All forms of external funding are expensive and time consuming to secure. Often the cheapest way to finance an acquisition is to use your own resources.
The more cash you can put into a purchase, the less you need to borrow from a bank and the less equity you will need to give away to an investor. So it’s worth looking into your cash position and perhaps considering selling non-core assets to part-fund a deal.
Debt funding from a bank is at the core of most funding structures. To obtain this type of funding you must usually be able to demonstrate that security is available and also that post acquisition you will have strong cash flows to enable you to comfortably service the loan.

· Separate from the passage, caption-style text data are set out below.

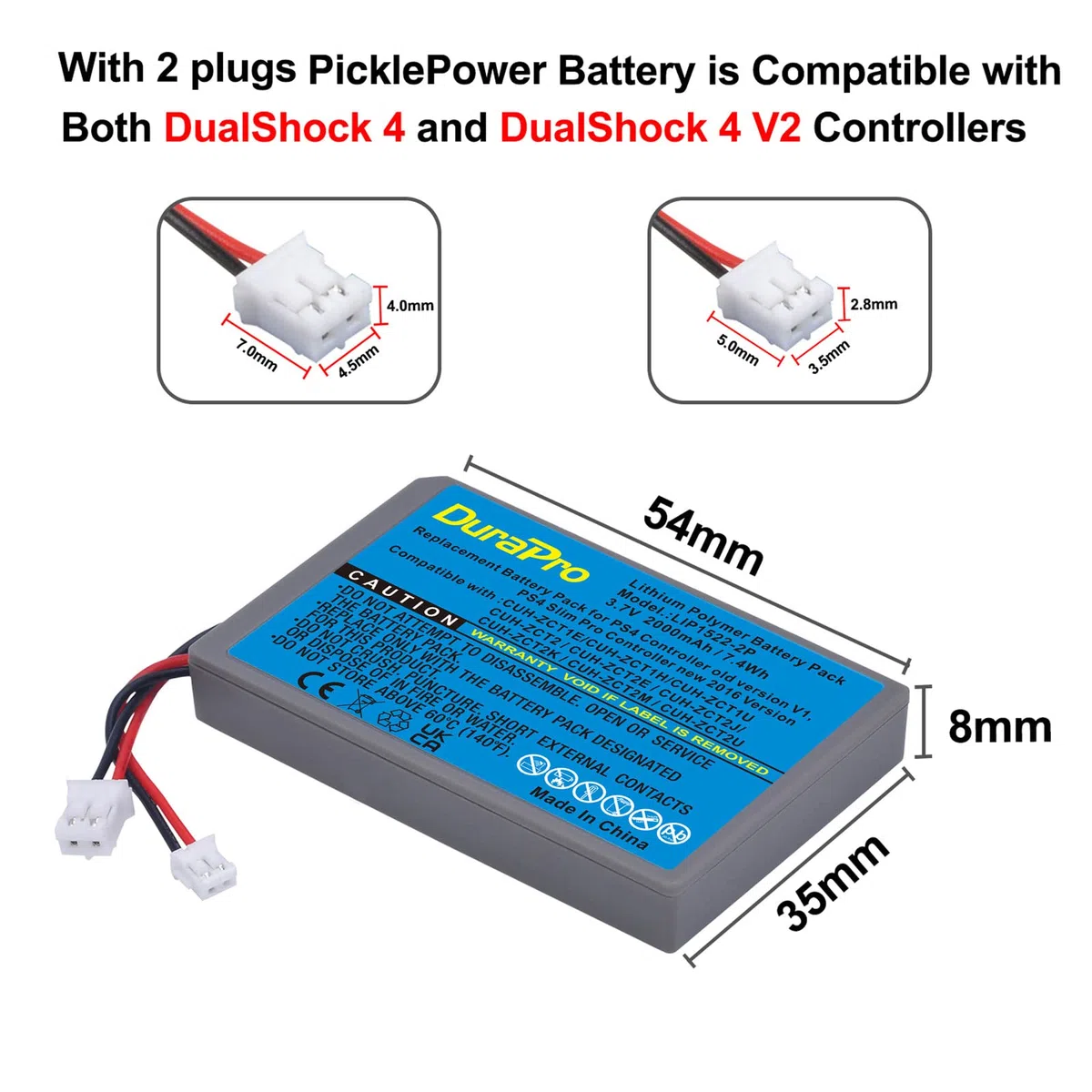 DuraPro 2 x 2000 mAh - Batería LIP1522 compatible con Sony PlayStation 4 PS4 V1 V2 Dualshock 4 CUH-ZCT1E CUH-ZCT1H CUH-ZCT1U CUH-ZCT2 o CUH-ZCT2U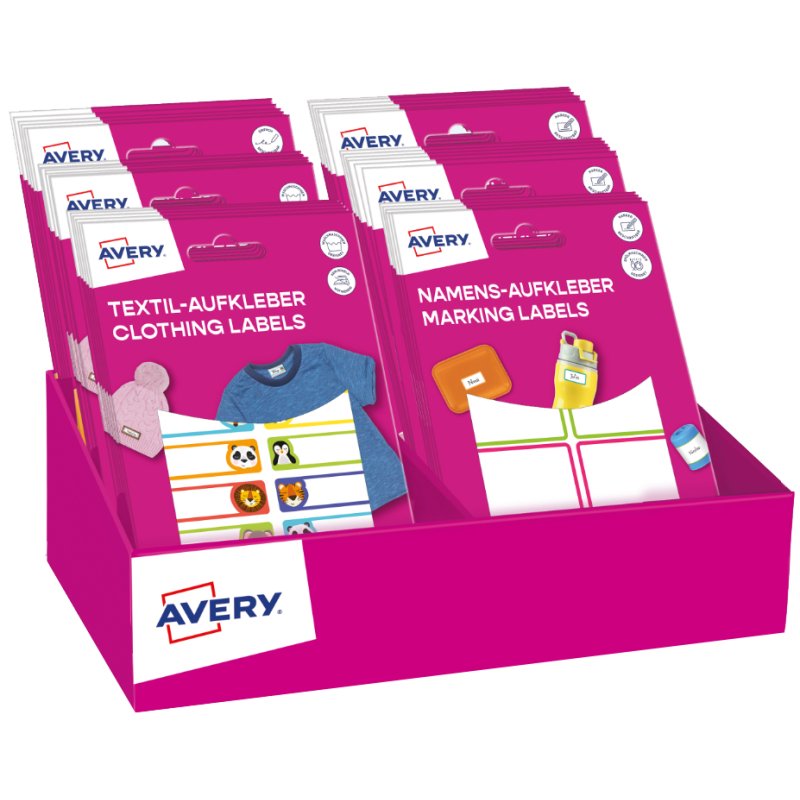 AVERY Zweckform Back-to-School assortiment 2025, permanente etiketten, textiel en naametiketten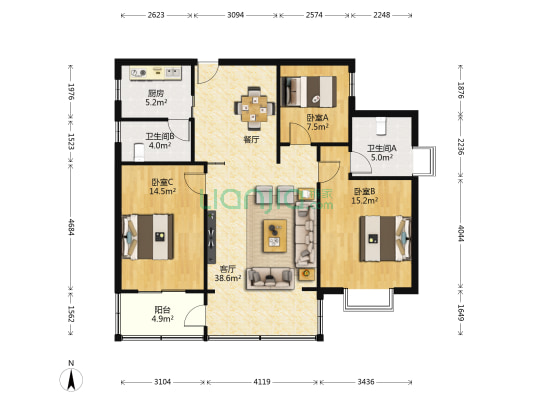 自治区总工会宿舍区(东葛路) 3室1厅2卫 123平方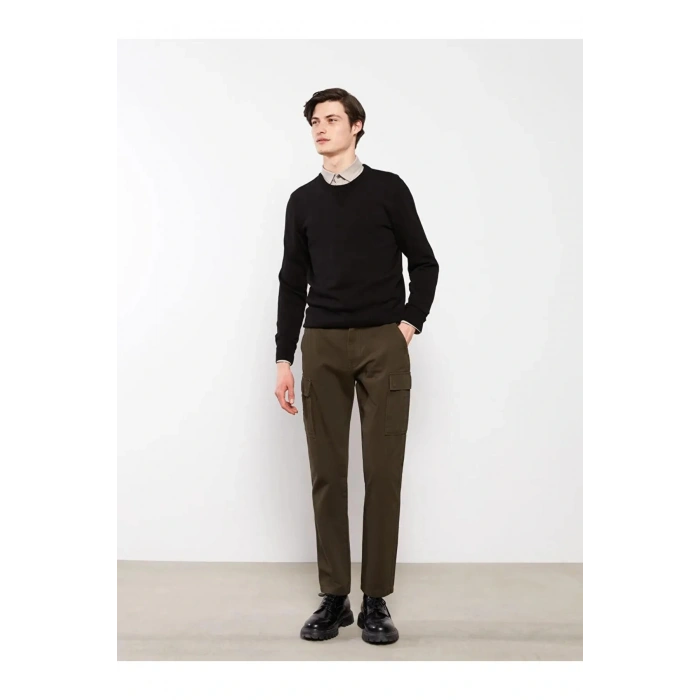 XSIDE Haki Standart Kalıp Gabardin Erkek Kargo Pantolon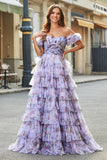 Lavender A-Line Off the Shoulder Floral Printed Tiered Pleated Long Prom Dress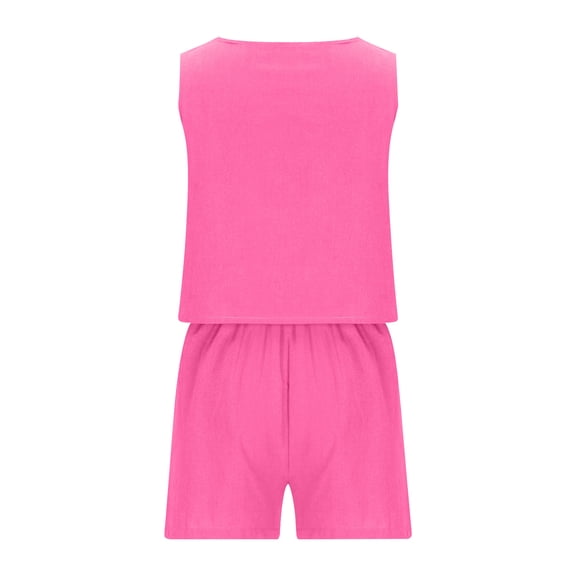 Virmaxy Womens Stylish Outfit 2 Piece Set 2024 Two Piece Casual Linen Shorts Top Fashionable Clothing Summer Vacation Set Hot Pink Xs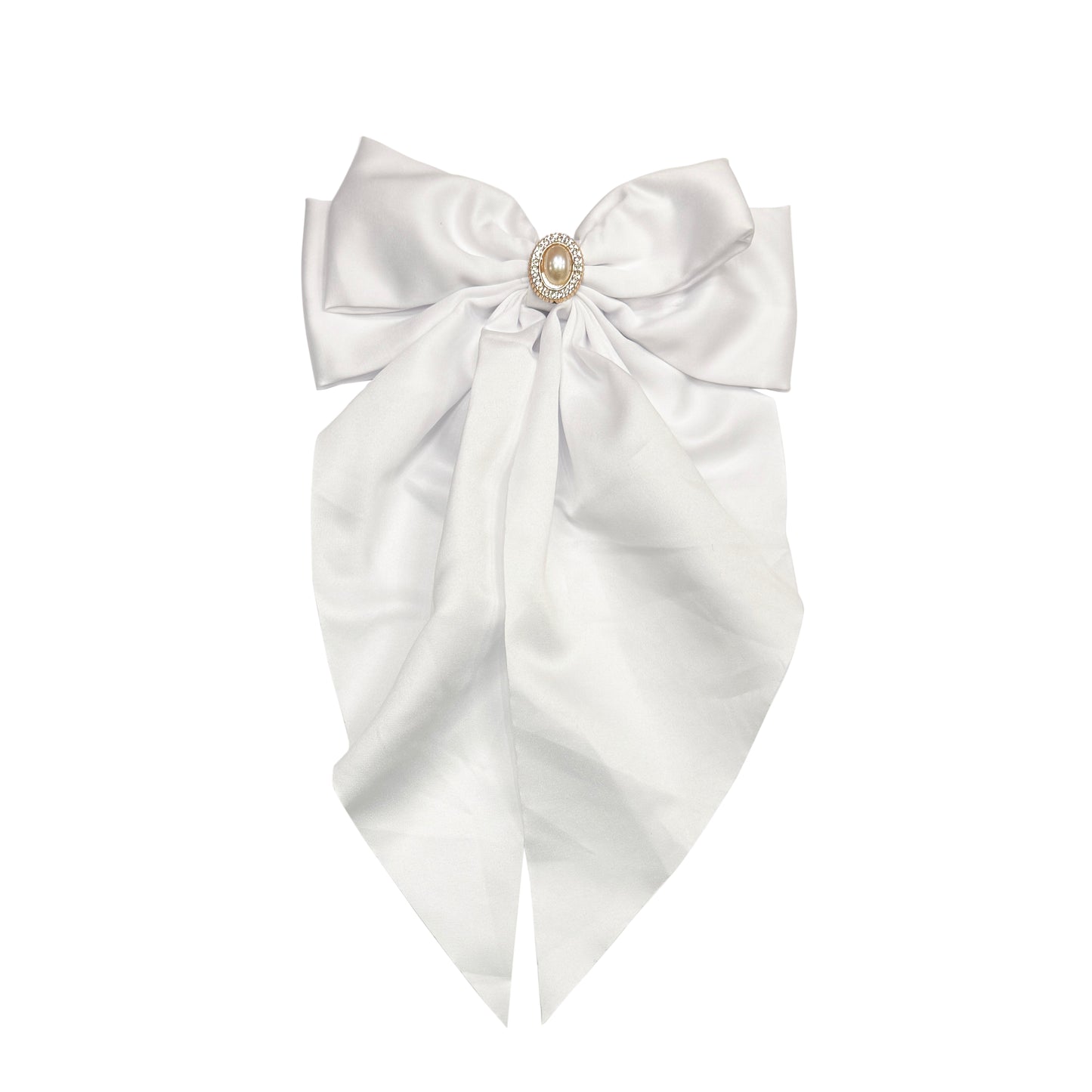 Satin Bows with Pearl Pendant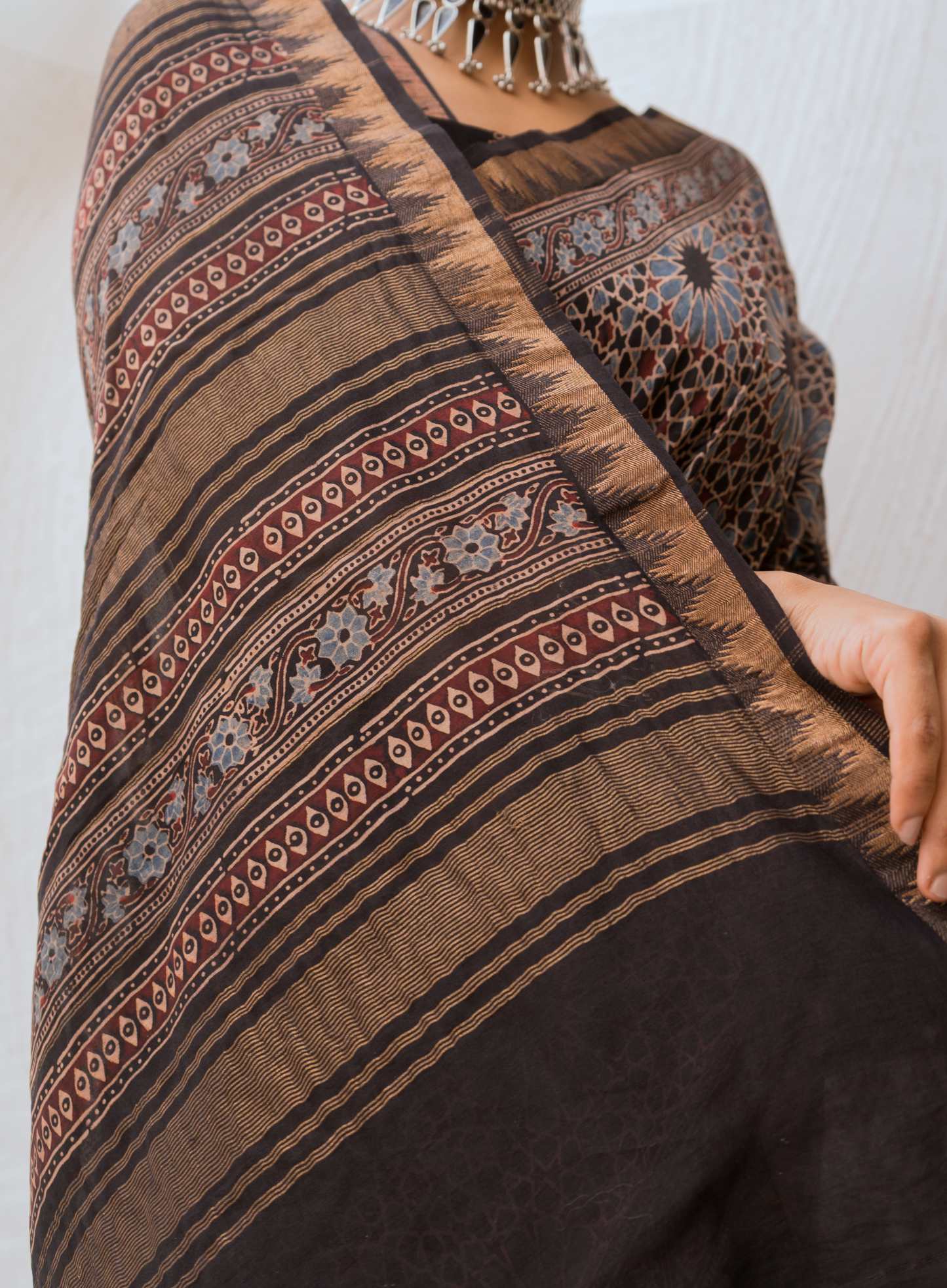 Chanderi Ajrakh Print Black Saree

Raising funds secured against a business’ debtors is now very common and is no longer looked upon as something only businesses in financial difficulties would carry out. It is called invoice discounting and is a flexible source of finance that that can sit alongside other funding options. It is well-suited to fast-growing businesses because it links your sales ledger directly to your credit facility. This means funding grows in direct proportion to business expansion.
Private equity and venture capital involves selling a proportion of the ownership of your company in return for investment. This reduces your control of your business, but PE/VC investors often bring valuable commercial expertise to a business. Businesses which are attractive to PE/VC investors will all share the characteristic of exhibiting very strong growth prospects.